Its public domain.  Free to use in any way you wish.

-DavidM

For giggles I posted the conditional version(also public domain):

// remove items based on a predicate. returns number of items removed
template drop_if(T)
{
  int drop_if( T[] arr, bool delegate(T)pred )
  {
    int count = 0, dest=0;
    foreach( int index, T val ; arr )
    {
      if ( pred(val) ) { count++; continue; }
      if ( dest !=index ) arr[index] = dest;
      dest++;
    }
    return count;
  }
}

November 01, 2006
David Medlock wrote:

> For giggles I posted the conditional version(also public domain):
> 
> // remove items based on a predicate. returns number of items removed
> template drop_if(T)
> {
>   int drop_if( T[] arr, bool delegate(T)pred )
>   {
>     int count = 0, dest=0;
>     foreach( int index, T val ; arr )
>     {
>       if ( pred(val) ) { count++; continue; }
>       if ( dest !=index ) arr[index] = dest;
>       dest++;
>     }
>     return count;
>   }
> }
> 

And here's the range-dropping version:

template drop_range(T)
{
  void drop_range( inout T[] arr, int start, int end )
  {
    debug if ( start>=arr.length && end > arr.length)
        throw new Exception(format("Attempt to drop range %s,%s from size %s",start,end,arr.length));
    if (start>=end) return;
    size_t len = end-start;
    size_t max = arr.length-len;
    for (; start < max; start++ ) arr[start]=arr[start+len];
    arr.length= max;
  }
}
November 01, 2006
Bill Baxter wrote:
> David Medlock wrote:
> 
>> For giggles I posted the conditional version(also public domain):
>>
>> // remove items based on a predicate. returns number of items removed
>> template drop_if(T)
>> {
>>   int drop_if( T[] arr, bool delegate(T)pred )
>>   {
>>     int count = 0, dest=0;
>>     foreach( int index, T val ; arr )
>>     {
>>       if ( pred(val) ) { count++; continue; }
>>       if ( dest !=index ) arr[index] = dest;
>>       dest++;
>>     }
>>     return count;
>>   }
>> }
>>
> 

And here's a better range-dropping version:

// Remove a range of elements from an array in place.
// It is not an error for the range to be empty or for start to be
// greater than end. If so, the array is not modified.
// Out of bounds checks performed only in debug mode.
// Returns: the array for convenience (but it is modified in-place).
// Note: This is an O(n) operation.
template drop_range(T)
{
  T[] drop_range( inout T[] arr, int start, int end )
  {
    debug if ( start>=arr.length || end > arr.length || start<0 || end<0)
        throw new Exception(format("Attempt to drop range %s,%s from size %s",start,end,arr.length));
    if (start>=end) return arr;
    size_t len = end-start;
    size_t max = arr.length-len;
    for (; start < max; start++ ) arr[start]=arr[start+len];
    arr.length= max;
    return arr;
  }
}

--bb
November 01, 2006
Chris Nicholson-Sauls skrev:
<snip>
> # import cashew.utils.array;
> #
> # int[] foo = ... ;
> # foo.remove(3U);
> # foo.removeRange(2U, 7U);
> # foo.removeSub(foo[1 .. 5]);
> etc.
> 

I like these.


And I yet again see a situation where range and set types are useful. If a range, or a set where a basic type (just as an integer, or imaginary float) then removing a range, or a set of elements would be more intuitive. And the slice operation would not be an array-hack, but a more general expression reusable everywhere.
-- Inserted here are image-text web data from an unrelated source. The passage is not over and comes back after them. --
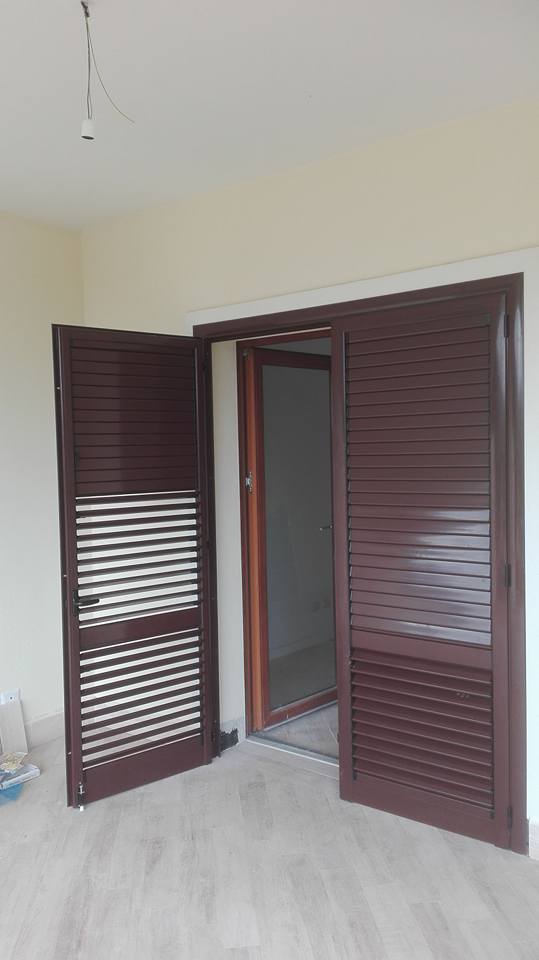 persiana per portafinestra in legno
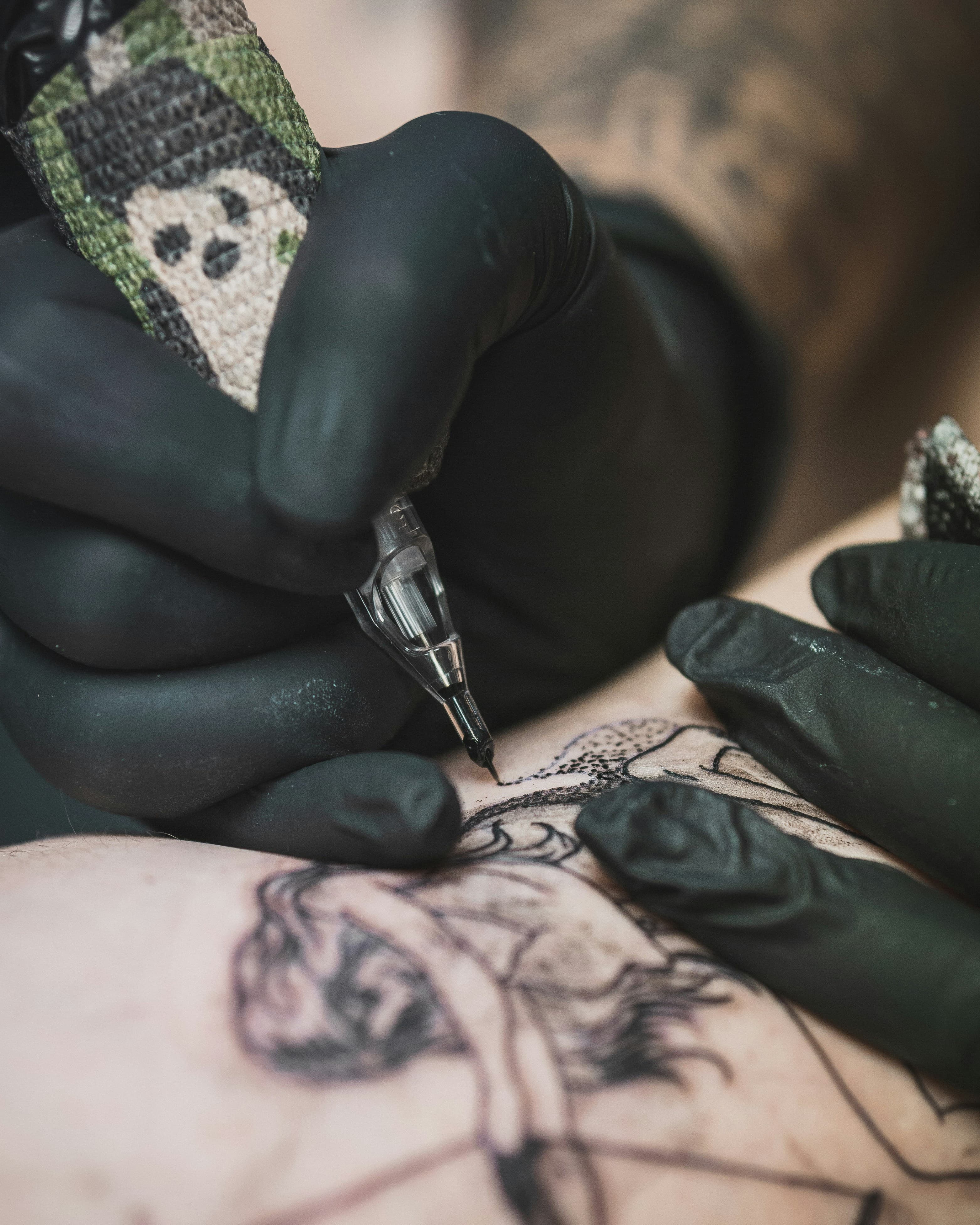 Het TattooPointer-boek: een canvas van Belgische tattoo-artistry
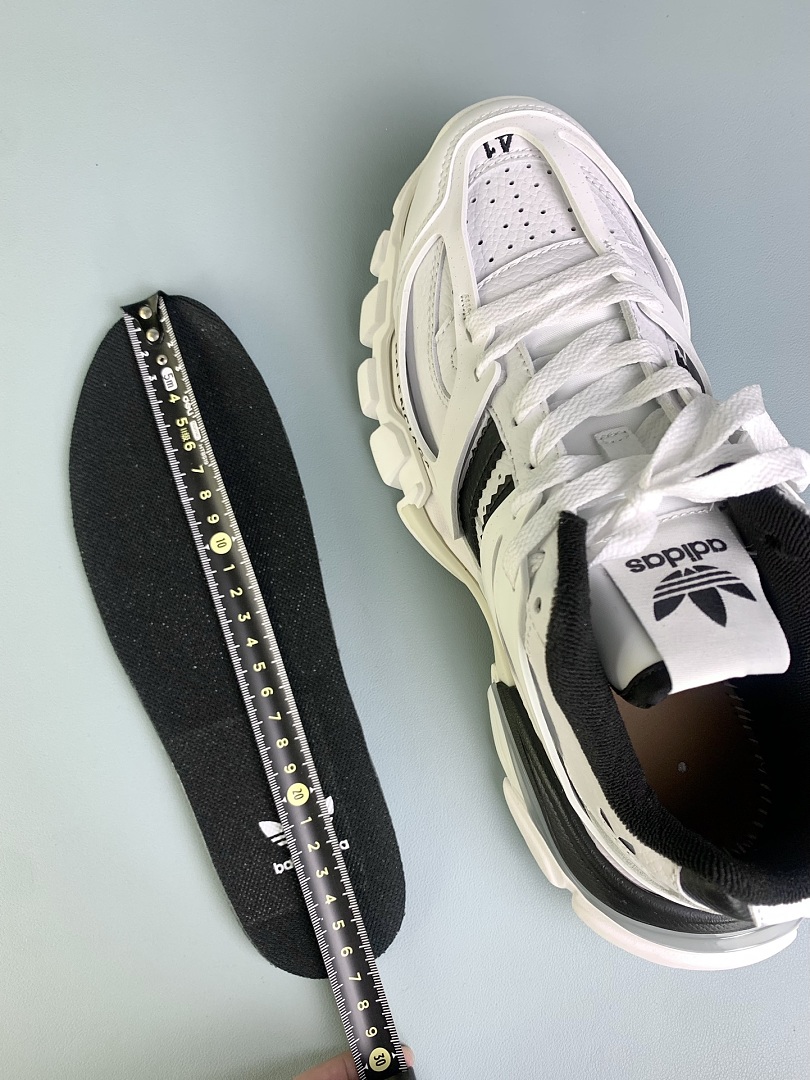 Balenciaga BLCG Track 3.0 - Image 7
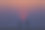 快乐生活，成功理念。孩子们在夕阳下打篮球的剪影。旅行和自由的生活方式。图片用于添加文字信息。设计艺术作品的背景。图片下载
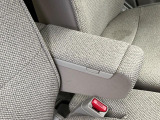 【アームレスト】運転中の身体の負担を軽減してくれるアームレストを装備♪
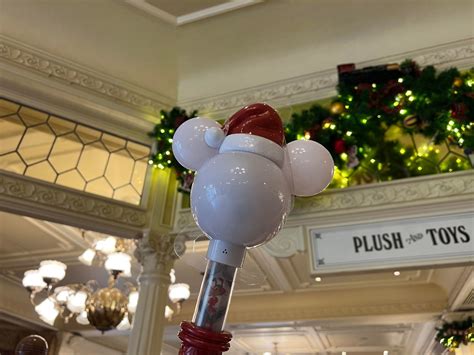 New Holiday Bubble Wands Pop Up at Magic Kingdom - MickeyBlog.com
Imagine we have: int foo[] = [1,2,3,4,5,6];
// Each example is now assumed unrelated to all others!
foo.remove(1); // foo == [1, 3, 4, 5, 6]
foo.remove(1..3); // foo = [1, 5, 6];
foo.remove(<1, 4..5>); // foo = [1, 3, 4]

or a "slice" using a set:
auto bar = foo[<1, 4..5>]; // bar == [2, 5, 6]

Naturally this would require a range's upper bound to be inclusive, or else set's would behave unintuitive. That is todays:
foo[5..5] would be a slice with one element, not empty as is.

Today passing around a range can only be done by passing around two values, or a struct. The same could be said about passing around imaginary numbers. Why imaginary numbers are valuable enough to warrant build in types, while ranges are not is beyond me. I use ranges way more than imaginary numbers.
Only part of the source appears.